To JP’s question, I think the Silhouette was trying to be a new type of “American” luxury for the 1990s, though it was closest to Japanese cars in terms of their ambiance.
Have we ever talked about why Oldsmobile went into such a sudden decline?
I don’t think we’ve ever had a dedicated article to Oldsmobile’s sharp decline during the latter part of the 1980s, and now you’ve kind of inspired me to want to write one… unless you were hinting that you’d like to?
Without going into too much detail, the primary contributing factors were:
– The sharp decline in overall coupe sales which severely affected sales of the Cutlass Supreme coupe, Olds’ most popular model
– Oldsmobile’s general staleness among younger buyers who grew up with parents driving Oldsmobiles and seeing them everywhere.
– The every-closeness of badge-engineered cars shared across multiple GM divisions requiring brand image and identity to be more important than ever. Versus Chevrolet, Pontiac, Buick, and Cadillac, Oldsmobile’s lack of clear identity was obvious.
Wonder what the Buick version of the original Town and Country would have looked like? Here’s an approximation. A ’38 Buick panel truck, used by the Oslo police department as a patrol car and paddy wagon.
I suspect part of the problem with the luxury minivan concept is how closely it resembled the larger, traditional van conversions with their comfy, overstuffed captain’s chairs.
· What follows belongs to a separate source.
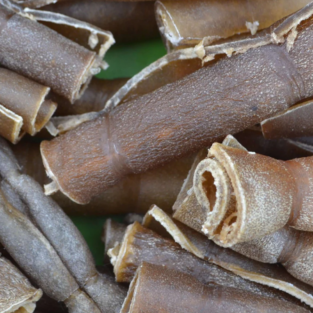 cow meat hide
One of the most common was the ‘Leisure Van’. The demographic of those conversion vans was definitely skewed to the older, retired crowd who liked to travel and go out as couples to the local Golden Corral. In effect, it was a shot at moving the geezers out of their Grand Marquis, Buicks, and Cadillacs.
So, Chrysler and GM figured they’d give the converted Leisure Van a try on the smaller, more fuel efficient minivan. The only surprise was they hadn’t tried it sooner, particularly at Chrysler where ‘brougham’ was Iacocca’s middle name. As the article accurately points out, it didn’t quite work with the radical, futuristic Dustbuster styling of the GM U-body.
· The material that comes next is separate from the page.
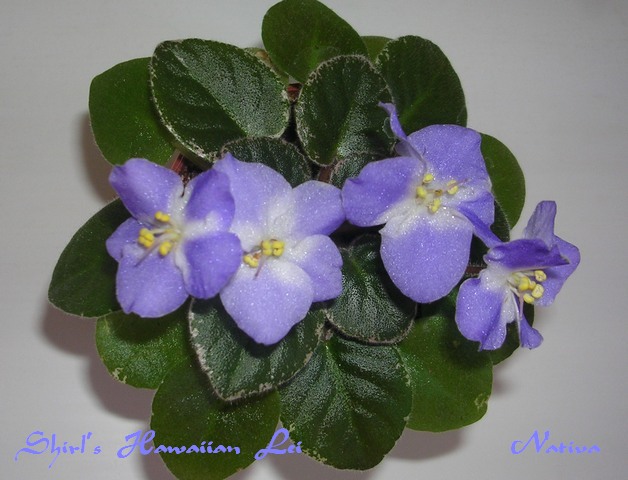 DSCN6543.JPG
Hah, another CC which I’ve driven, as a rental in the mid-90’s, and had forgotten all about. It wasn’t bad, but the most memorable part of the trip was stopping at a small diner or coffee shop in rural Minnesota, and getting a decent sandwich for about $2.50. That was not something you could do in California, not even 25 years ago. On my next trip to MN, I had some less memorable car, perhaps a Taurus, and I remember having to scrape frost off the windshield with my credit card. In hindsight, I’m glad it wasn’t that Silhouette …that would have been a big job.
My grandparents also had one, a gold one with the black accents up until 2000, roughly. They traded it in on a new Aurora.
Always stuck me as an odd car choice for them as all the kids were out of the house and the closest grandchildren were hours away.
A fair number of older people liked the ease of entry and exit offered by a minivan.
Great piece, Brendan. I had never thought to compare the T&C with the Silhouette until you made that happen.
The thing I remember most about these was that some of the first commercials I remember seeing for these featured actor Josh Saviano of “The Wonder Years” fame. Try that one on! LOL
A neighbour had the Pontiac version of these, the Transport I think. He hated the thing with a passion, and never washed it. It did provide useful service for the Mrs. to and from work, and on family trips out of town, but when some slight defect appeared from wear, he couldn’t get rid of it fast enough. It was replaced with an Odyssey.
I do get that people get attached to having a minivan in the house, they are so useful for carrying stuff. However I don’t get people who get a minivan just for a one driver no passengers shuttle to work. You’re carting around 4,000 pounds of iron (plastic?) without a real need.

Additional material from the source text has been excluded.